◆ To do: Within the records below, find the line with "Ivy Phillips" and the line with "купить Угловая шлифовальная", then reproduce exactly those two lines and all lines between them, without any picture.
─── Supplied records
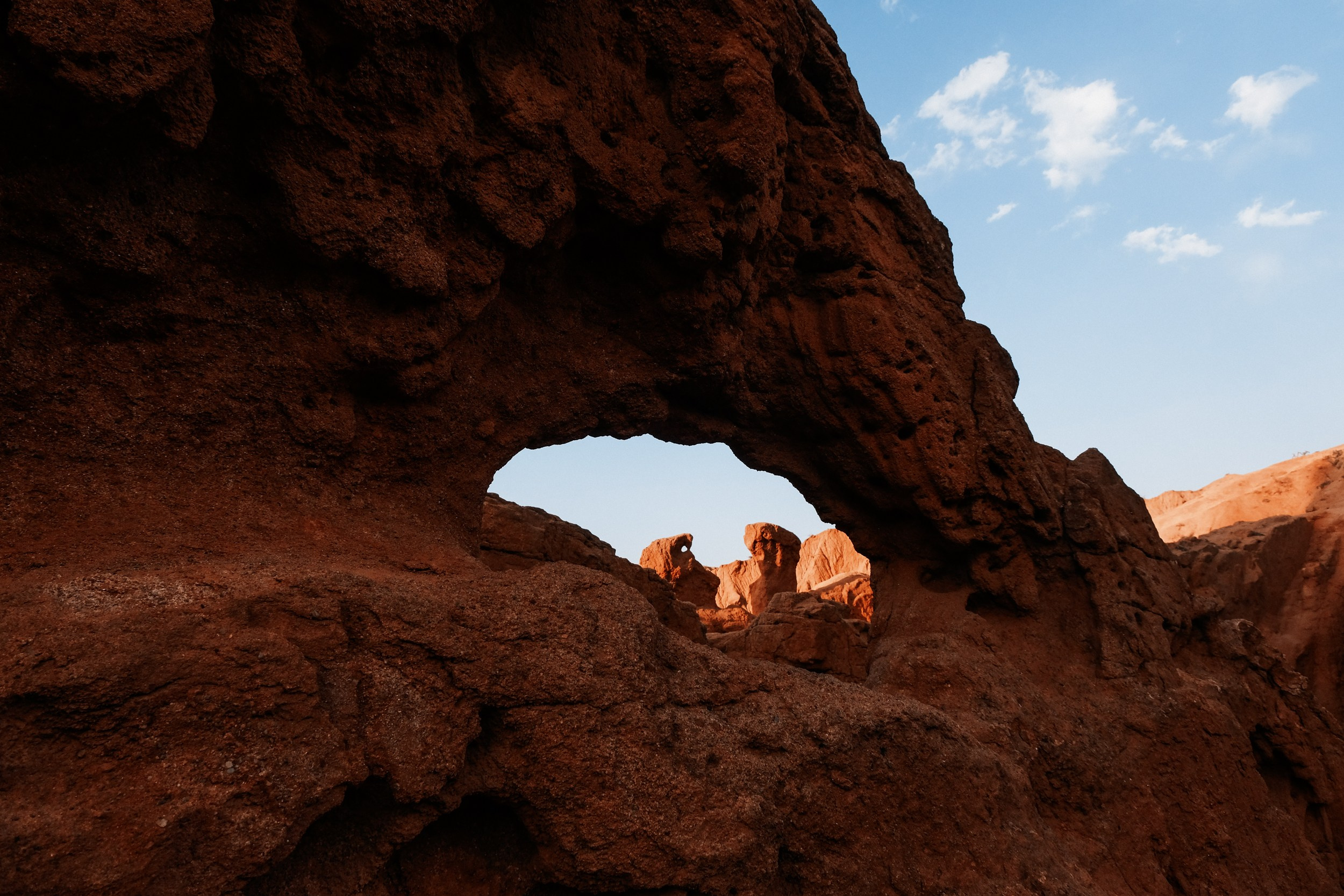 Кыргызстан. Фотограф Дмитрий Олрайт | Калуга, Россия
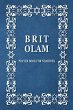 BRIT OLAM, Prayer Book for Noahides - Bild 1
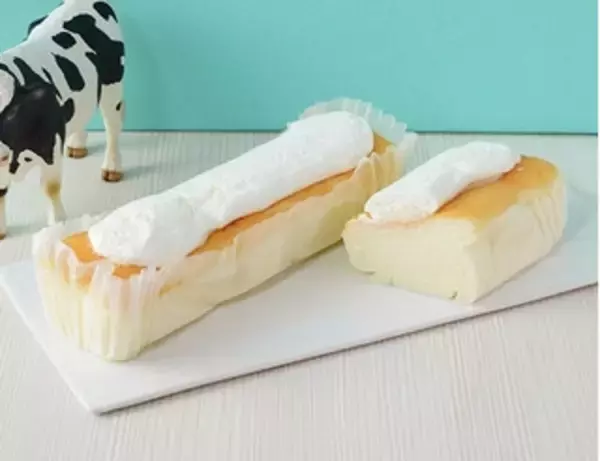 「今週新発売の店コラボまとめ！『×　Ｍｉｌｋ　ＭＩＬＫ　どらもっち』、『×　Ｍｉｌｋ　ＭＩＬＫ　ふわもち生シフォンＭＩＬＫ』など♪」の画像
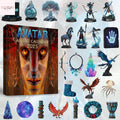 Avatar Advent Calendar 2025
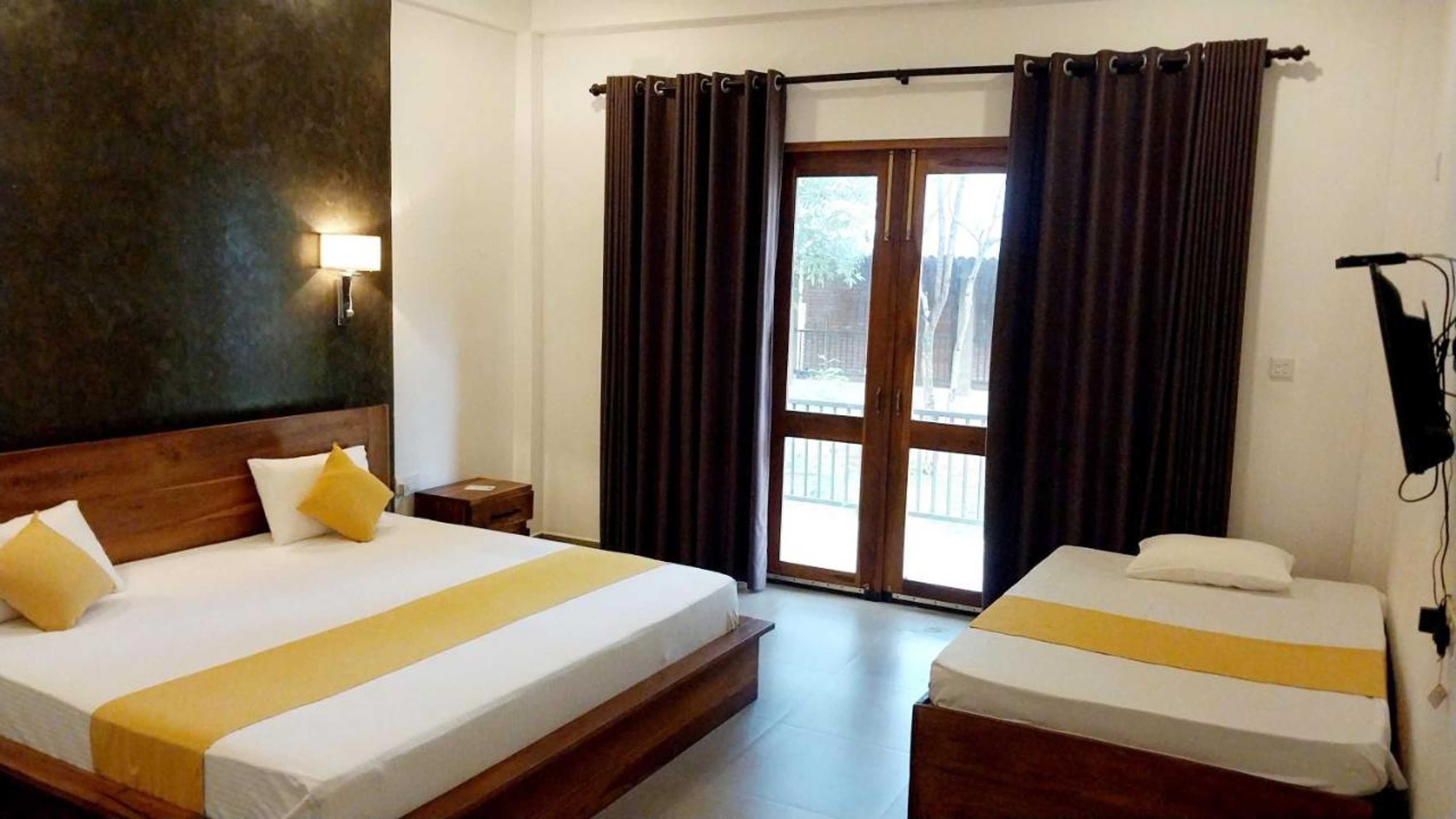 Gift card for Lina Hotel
──────
─── Supplied records
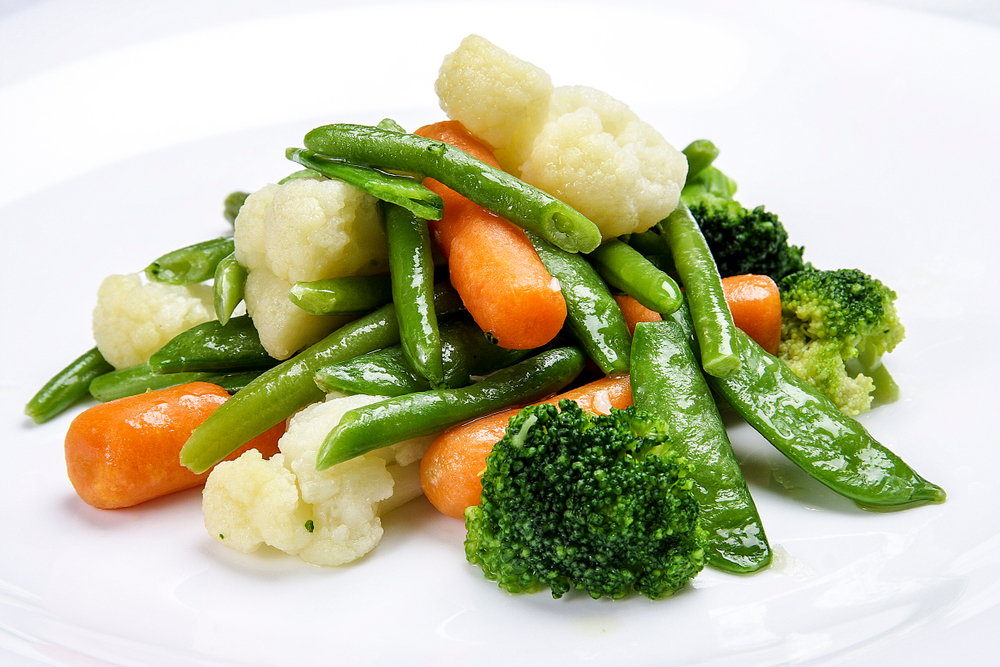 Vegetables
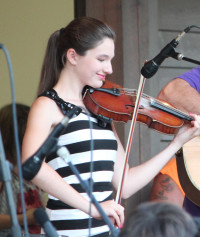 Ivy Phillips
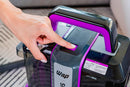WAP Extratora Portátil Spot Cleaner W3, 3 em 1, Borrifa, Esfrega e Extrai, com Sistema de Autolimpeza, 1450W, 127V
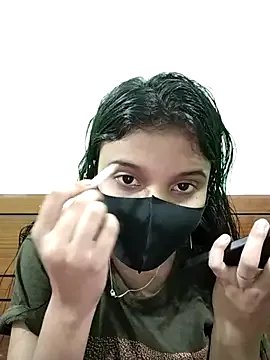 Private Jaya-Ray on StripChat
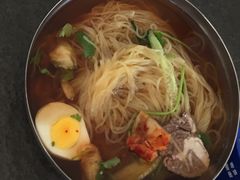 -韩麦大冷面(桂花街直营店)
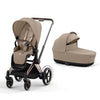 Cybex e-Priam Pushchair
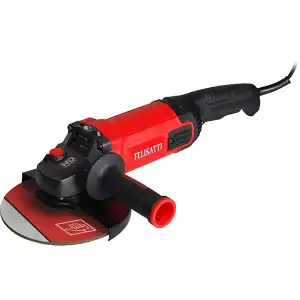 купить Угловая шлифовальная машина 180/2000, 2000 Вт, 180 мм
──────
◆ Your solution:
 Ivy Phillips
WAP Extratora Portátil Spot Cleaner W3, 3 em 1, Borrifa, Esfrega e Extrai, com Sistema de Autolimpeza, 1450W, 127V
 Private Jaya-Ray on StripChat
 -韩麦大冷面(桂花街直营店)
 Cybex e-Priam Pushchair
 купить Угловая шлифовальная машина 180/2000, 2000 Вт, 180 мм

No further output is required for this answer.